En 2001, les États-Unis se lançaient dans leur croisade contre l’Afghanistan. C’était à l’époque une cause sacrée qui allait réunir une coalition sagement rangée derrière la bannière étoilée au nom de l’anti-terrorisme. Dix ans ont passé et les combattants sont fatigués. Chacun va se retirer dans ses foyers laissant l’Afghanistan aux mains des Talibans avec lesquels désormais on traite. Entre- temps, l’Occident a attaqué la Libye avec un mandat : protéger les populations civiles. Depuis, la guerre a changé de direction. Il s’agit de détruire le tyran Kadhafi, sans plus de résultats d’ailleurs qu’en Afghanistan. Et pendant ce temps-là le dictateur syrien torture et massacre son peuple, accompagné du silence gêné des moralisateurs occidentaux. Allez y comprendre quelque chose.

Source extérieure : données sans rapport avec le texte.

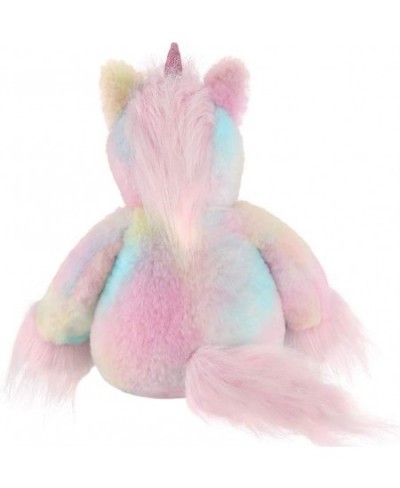 Bearington Dazzler Plush Unicorn Stuffed Animal 15 Inches $34.89 - Stuffed Animals & Teddy Bears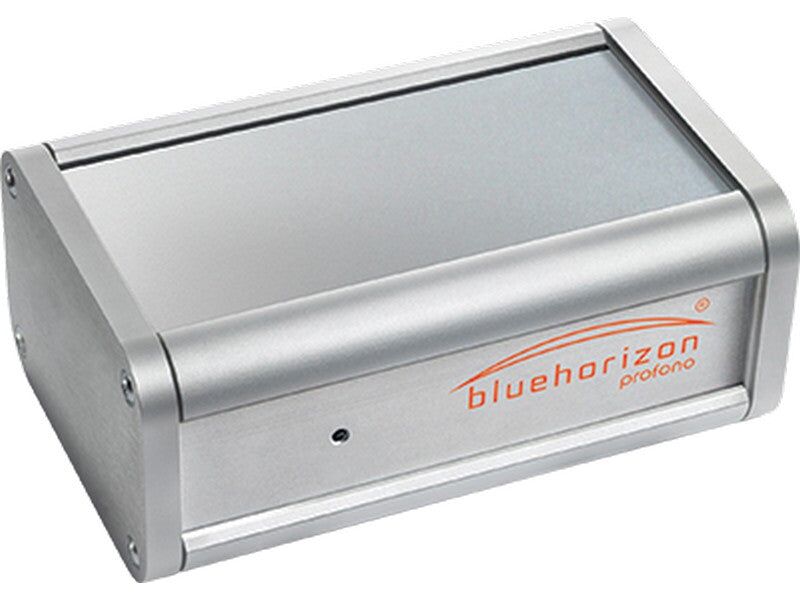 Blue Horizon Profono Phono Preamplifier Silver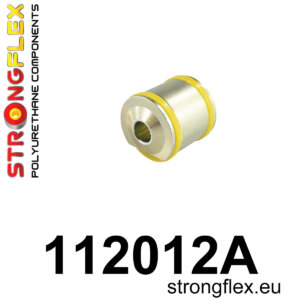 Strongflex Stražnja donja ručica – vanjska čahura SPORT za MERCEDES-BENZ E-CLASS 211 / MERCEDES-BENZ CLS C219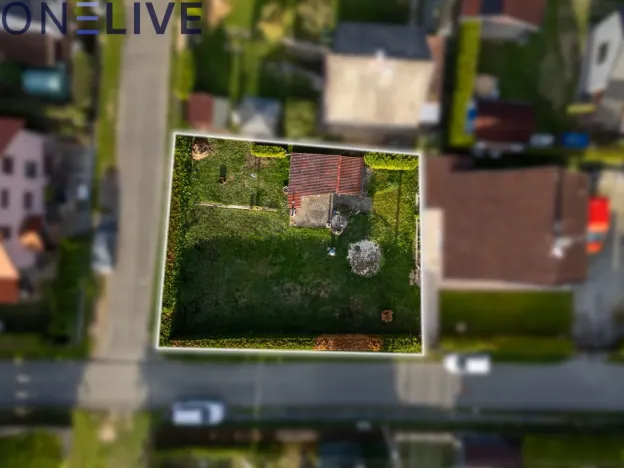 Prodej zahrady, Plzeň, 404 m2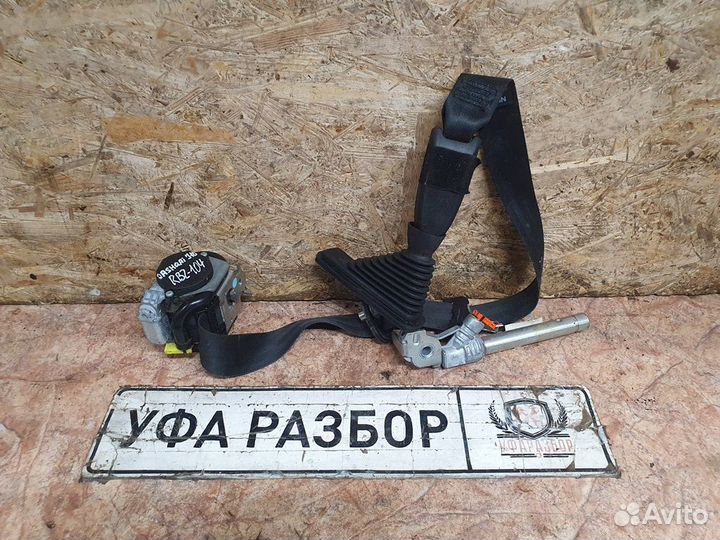 Ремень безопасности Nissan Qashqai (J10) 2006-2014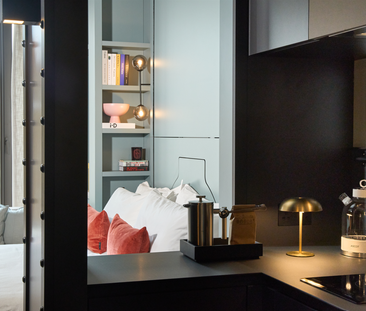 Studio to rent - Photo 6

La Méditerranée est malade
L’histoire n’a de valeur que si on veut bien en transcender les faits. La Méditerranée et le Moyen Orient, berceaux de toutes les grandes civilisations occidentales et orientales, explosent sous nos yeux comme dans un film tourné au ralenti. Nous commentons ce lent mouvement inexorable, ce big bang civilisationnel mais bien peu tentent d’en saisir la portée. Mettons côte à côte les faits. L’arc méditerranéen occidental s’écroule pièce par pièce. La Grèce d’abord, patrie de Thémistocle puis le Portugal, port de départ de tant d’explorateurs, puis l’Espagne qui au 16e siècle domina le monde. L’Italie montre des signes d’accablement, cette terre qui vit naître et grandir Rome. La France est à terme menacée. De l’autre côté de la Méditerranée c’est la Tunisie (l’ancienne Carthage) qui s’est embrasée suivi du Maroc. L’Algérie ne tient qu’à un fil. Or la Méditerranée est le ventre qui enfanta le christianisme et le catholicisme. L’Islam est né plus loin en péninsule arabique et le protestantisme, schisme chrétien vit le jour en Germanie. C’est donc Rome qui expire sous nos yeux, Rome et ses colonies, Rome et ses limites sans cesse repoussée et bordée par les Germains.
La nouvelle Babylone
Les États-Unis sont la Babylone moderne avec ce que ça peut avoir de grand, de constructif et d’impérialiste. Ce pays est le plus endetté au monde et entend bien renouer avec la croissance sur le dos du monde occidental et extrême-oriental. Hier, à trois reprises, ce sont les guerres et leurs destructions qui ont redonné au capitalisme la force de renaître de ses crises successives. La première guerre fut celle qui opposa le Nord et le Sud des États-Unis avec à la clef la destruction d’un ordre obsolète (celui de l’esclavagisme) et la construction d’un capitalisme moderne basée sur la production de masse et la fabrication d’une classe d’ouvriers-consommateurs. Les deux autres guerres, mondiales, permirent aux Américains de reconstruire l’Occident et d’en tirer d’immenses bénéfices. Aujourd’hui les guerres ne font plus recettes car elles ne s’attaquent pas au cœur des forces productives mais à une périphérie sans importance stratégique. Il se pose aujourd’hui pour les États- Unis une question essentielle : comment résorber leur dette sans payer un prix trop fort. Vraisemblablement cela passera par une mise à mal de l’Europe et un combat sans merci avec la Chine. En attendant, nous autres Méditerranéens devrions-nous poser quelques questions d’ordre géostratégiques et anticiper sur les enjeux futurs. Pour l’heure, nous bavardons gentiment sans avancer… en attendant le grand coup de pied au cul que ne manquera pas de nous flanquer l’histoire si d’aventure nous musardons au lieu de regarder l’avenir droit dans les yeux.